Consider storing & exposing evaluated data in a format similar we use to store/expose types via ReferenceTargets.

Side Notes

It is likely we will need this anyway for hashicorp/terraform-ls#495 and hashicorp/terraform-ls#956

@radeksimko radeksimko added the enhancement New feature or request label Sep 2, 2022
@hugorut
Copy link

hugorut commented Sep 5, 2022

Thanks @radeksimko for raising this issue. I'll try adding more context for our specific use case.

With @infracost, we look up resource costs using queries/filters that we build from Terraform block attributes. Let's take a simple example using aws_instance to explain.

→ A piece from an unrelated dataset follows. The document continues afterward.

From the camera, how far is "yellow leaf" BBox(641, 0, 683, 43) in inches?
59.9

resource "aws_instance" "web_app" {
  ami           = "ami-674cbc1e"
  instance_type = "m5.8xlarge"
  root_block_device {
    volume_size = 50
  }

  ...
}

We use the instance_type attribute to build a price filter and look this up in our pricing DB, and then output a cost component like so:

 Name                                                           Monthly Qty  Unit                        Monthly Cost

 aws_instance.web_app
 ├─ Instance usage (Linux/UNIX, on-demand, m5.8xlarge)                  730  hours                          $1,121.28
...

With our Infracost VSCode extension, we then display the overall cost of the resource above the block as a code lens:

e33bf258-baea-4490-9bed-4d36068c4475

When evaluating integration with terraform-ls and using the code lens hook, we quickly realised that this would be pretty tricky to perform with the current state of the LS and Infracost. As mentioned, the PathContext does not provide us with any evaluated attributes, so to provide correct pricing for code lens support, Infracost would have to perform its own parsing of the PathContext module and file. Currently, Infracost has no way to cache this behaviour, so we'd have to perform a complete evaluation for each code lens call, which would be problematic and slow.

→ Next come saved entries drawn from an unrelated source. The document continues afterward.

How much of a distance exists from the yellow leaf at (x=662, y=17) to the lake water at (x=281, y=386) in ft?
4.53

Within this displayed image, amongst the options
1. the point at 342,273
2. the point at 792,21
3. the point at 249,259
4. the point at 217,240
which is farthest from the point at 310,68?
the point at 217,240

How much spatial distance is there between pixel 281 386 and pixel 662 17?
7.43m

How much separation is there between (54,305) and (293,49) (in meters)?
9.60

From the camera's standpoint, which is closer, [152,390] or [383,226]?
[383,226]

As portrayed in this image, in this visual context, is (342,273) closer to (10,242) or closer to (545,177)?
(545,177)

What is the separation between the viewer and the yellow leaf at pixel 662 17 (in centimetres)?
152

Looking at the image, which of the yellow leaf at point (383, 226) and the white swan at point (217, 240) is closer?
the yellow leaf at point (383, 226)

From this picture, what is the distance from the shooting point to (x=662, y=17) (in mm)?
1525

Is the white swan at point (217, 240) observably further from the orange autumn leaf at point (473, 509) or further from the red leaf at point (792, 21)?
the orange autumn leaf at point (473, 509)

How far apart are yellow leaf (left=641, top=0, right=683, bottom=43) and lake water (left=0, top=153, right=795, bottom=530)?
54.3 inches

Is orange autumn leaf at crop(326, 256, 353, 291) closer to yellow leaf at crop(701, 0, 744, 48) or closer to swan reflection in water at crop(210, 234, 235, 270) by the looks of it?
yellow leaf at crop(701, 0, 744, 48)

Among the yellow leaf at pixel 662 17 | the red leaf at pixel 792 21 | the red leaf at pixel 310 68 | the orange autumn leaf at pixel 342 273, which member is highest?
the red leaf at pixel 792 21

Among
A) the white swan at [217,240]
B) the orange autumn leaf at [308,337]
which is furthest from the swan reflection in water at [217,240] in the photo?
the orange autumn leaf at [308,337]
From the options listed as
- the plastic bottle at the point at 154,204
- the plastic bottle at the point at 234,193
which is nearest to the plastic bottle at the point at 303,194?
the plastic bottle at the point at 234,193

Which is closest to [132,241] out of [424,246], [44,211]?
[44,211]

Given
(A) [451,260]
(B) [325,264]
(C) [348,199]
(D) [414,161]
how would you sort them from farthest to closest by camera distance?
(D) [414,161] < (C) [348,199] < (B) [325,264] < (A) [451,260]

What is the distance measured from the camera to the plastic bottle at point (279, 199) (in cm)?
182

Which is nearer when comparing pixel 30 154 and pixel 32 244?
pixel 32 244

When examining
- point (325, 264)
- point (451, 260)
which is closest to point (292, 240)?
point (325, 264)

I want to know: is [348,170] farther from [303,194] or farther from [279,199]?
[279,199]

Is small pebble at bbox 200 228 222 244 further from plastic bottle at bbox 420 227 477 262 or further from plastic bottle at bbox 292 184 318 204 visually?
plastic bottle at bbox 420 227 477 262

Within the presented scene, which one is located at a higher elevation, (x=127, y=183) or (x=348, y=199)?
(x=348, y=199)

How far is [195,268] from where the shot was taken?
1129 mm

At Infracost, we are working towards building an SDK with the potential that this would evolve into an LS. These features would allow us in the future to have a much more efficient and easy code lens integration.

However, @radeksimko's suggestion to provide fully evaluated attributes to the code lens functions seems to be the most logical approach to this integration. Exposing evaluated attributes would mean that all the parsing and caching behaviour could live within terraform-ls, and there wouldn't be inconsistencies in how module parsing between Infracost and Terraform.

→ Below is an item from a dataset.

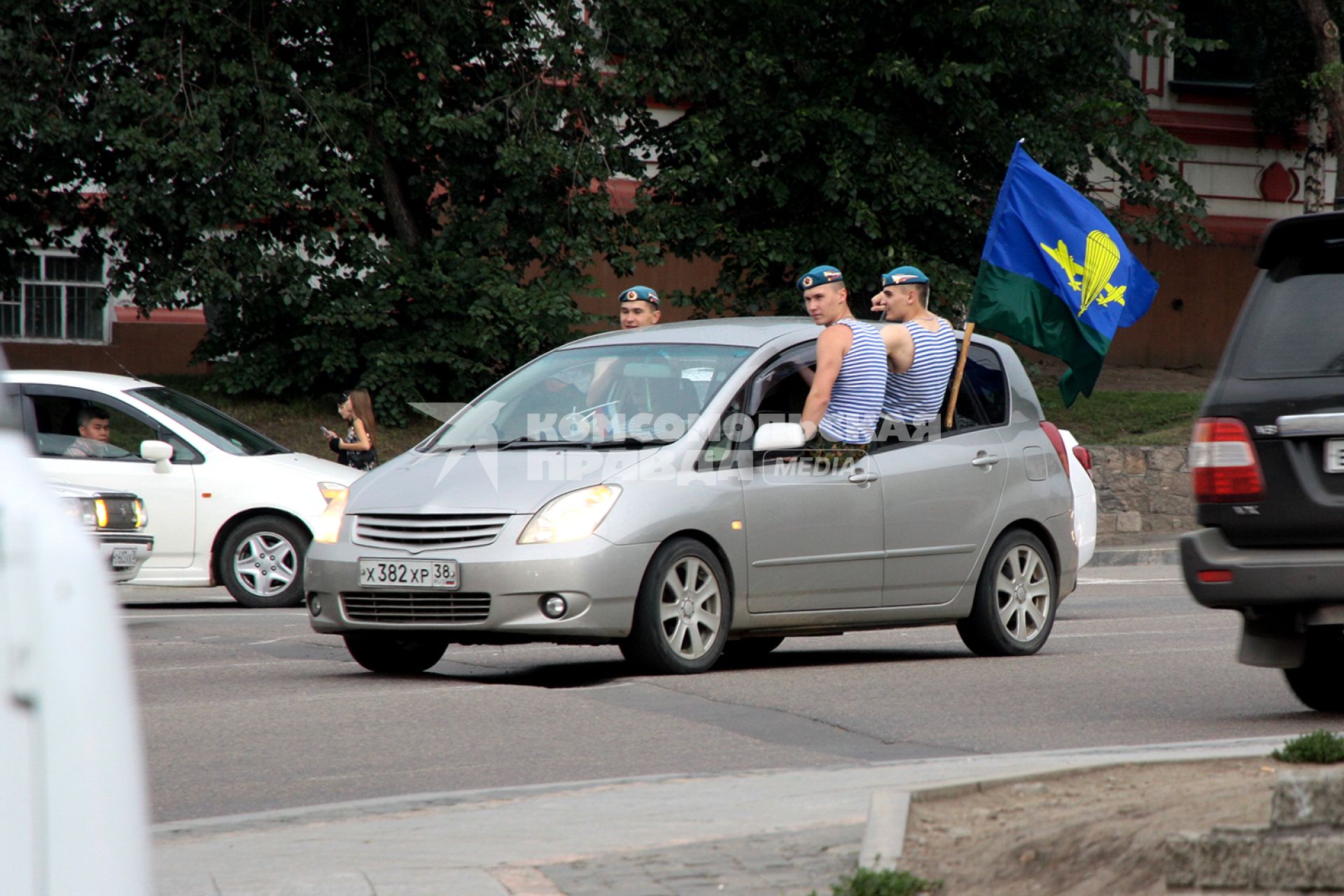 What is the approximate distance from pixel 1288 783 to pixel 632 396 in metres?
5.78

To be clear, our requirements for this would be as follows:

  1. Access to all the evaluated attributes for each Target - this could either be as a cty.Object or the raw hcl.Block along with the current evaluation Context.
  2. We're fine with unknown attributes. We deal with this case already.
  3. We don't require access to data block attributes fetched from the cloud - but we would be interested in this in future if this is on the roadmap.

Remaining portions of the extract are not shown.